> [GIVEN INFORMATION]
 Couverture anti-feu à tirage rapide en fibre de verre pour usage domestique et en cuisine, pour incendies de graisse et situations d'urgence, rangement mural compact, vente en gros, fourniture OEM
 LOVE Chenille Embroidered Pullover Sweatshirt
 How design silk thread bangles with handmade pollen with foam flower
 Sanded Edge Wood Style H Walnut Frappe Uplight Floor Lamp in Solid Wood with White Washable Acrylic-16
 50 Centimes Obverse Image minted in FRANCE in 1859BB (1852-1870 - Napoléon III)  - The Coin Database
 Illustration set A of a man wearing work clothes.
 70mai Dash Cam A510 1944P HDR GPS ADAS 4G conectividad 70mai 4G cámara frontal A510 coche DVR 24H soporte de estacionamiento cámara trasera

...

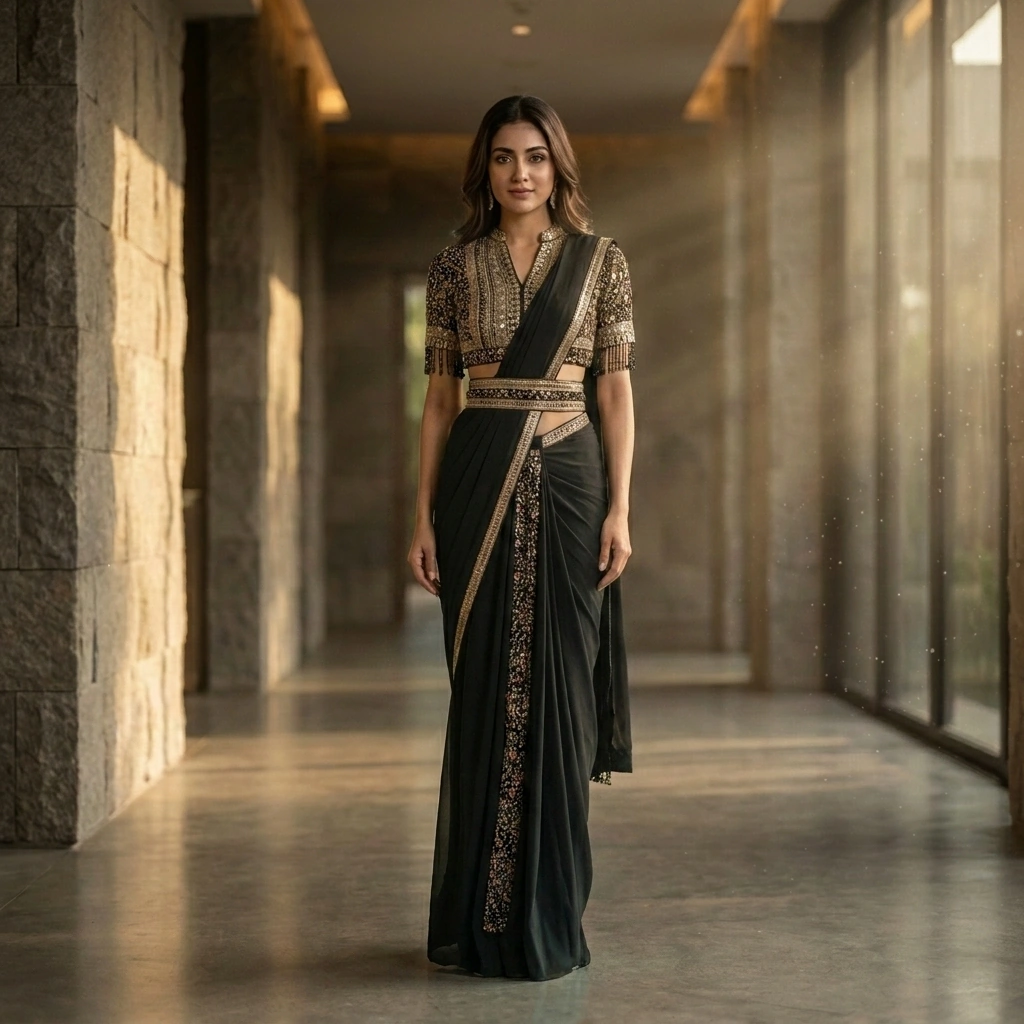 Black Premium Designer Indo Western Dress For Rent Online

> [DIRECTIONS FOR THIS TASK] Within the material above, copy exactly the lines from the line that holds "How design silk" up to and including the line that holds "70mai Dash Cam".

> [EXERCISE SOLUTION]
 How design silk thread bangles with handmade pollen with foam flower
 Sanded Edge Wood Style H Walnut Frappe Uplight Floor Lamp in Solid Wood with White Washable Acrylic-16
 50 Centimes Obverse Image minted in FRANCE in 1859BB (1852-1870 - Napoléon III)  - The Coin Database
 Illustration set A of a man wearing work clothes.
 70mai Dash Cam A510 1944P HDR GPS ADAS 4G conectividad 70mai 4G cámara frontal A510 coche DVR 24H soporte de estacionamiento cámara trasera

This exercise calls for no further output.